The incident has rekindled the debate over equal pay for women and just how much women are underpaid in the same roles as men. It’s estimated that women typically earn about 75% – 80% of what men do in the same jobs. And while the debate rages on about how to end the pay gap forever, the key question in Jill Abramson’s case is what do you do when it happens to you?
Many years ago I was promoted to a director at Peppercomm and joined the firm’s management committee. Serving on the committee meant I had access to all sorts of new information, from who was being promoted to who was being fired, raises and salaries. Shortly after joining the committee our then CFO shared with the committee a list of all our employees and their salaries. I was shocked to see that two men who were both a level below me were making significantly more money than I was.
I didn’t know whether to cry or scream. Luckily I did neither.
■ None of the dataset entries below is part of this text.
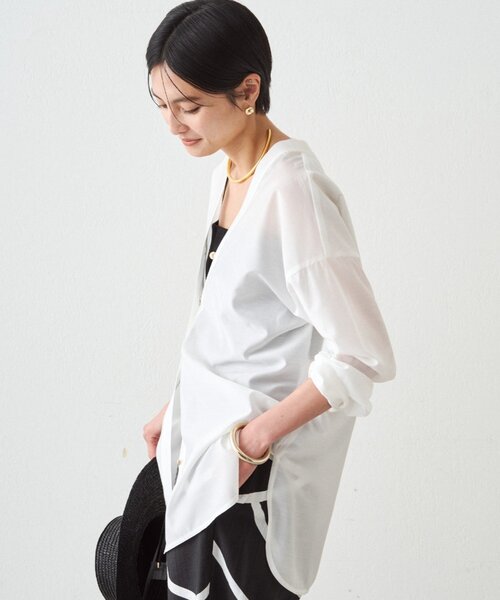 LOUNGEDRESS(ラウンジドレス)の「バイヤスロングブラウス(シャツ/ブラウス・レディース・オフホワイト/ブルー/ベージュ/ネイビー・FREE)」の11枚目の写真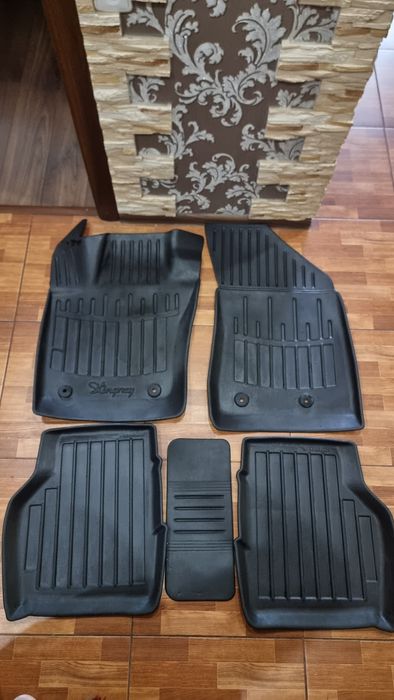 Коврики в салон 3D для Jeep Compass 17-21 рік, резинові (Stingray)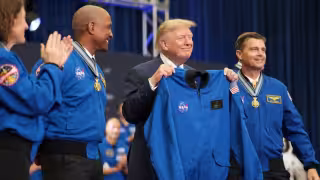Presidente Trump creará Academia Espacial de EU para formar astronautas, científicos e ingenieros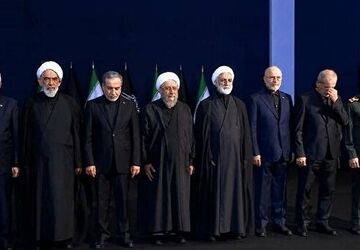 ادای احترام سران قوا و مسئولان ارشد کشور به پیکر امام شهید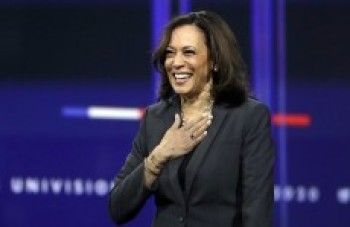 Kamala é oficializada como candidata a vice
I thought long and hard about what to do and how best to approach our managing partner about what I saw as a terrible wrong. I created a list of points on why I should be better compensated – I had more responsibility, I was managing one of the agency’s largest clients, I was managing a group of people, I was leading large new business efforts. Then I waited for the right moment. When my team won a prestigious industry award for best campaign I felt the timing was right.
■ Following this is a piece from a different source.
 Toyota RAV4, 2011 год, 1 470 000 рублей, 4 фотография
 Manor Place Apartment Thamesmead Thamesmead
I went into the managing partner’s office armed with my talking points and scared to death. I laid out my argument. He looked at me and said “Yep, you’re right. I’m sorry I didn’t catch this and we’ll rectify it right away.” So what I saw as a potential gender gap was really an accounting oversight that was quickly and fairly corrected.
By no means am I suggesting that the gender pay gap doesn’t exist nor that we should ignore it. But my experience illustrates that assuming it is a deliberate slight isn’t always correct either. Chances are that if I went in and complained that a man shouldn’t be making more than me that they still would have given me a raise because Peppercomm is the type of company that simply tries to do the right thing. However, I was glad that I focused on the value that I was bringing to the agency rather than gender inequality.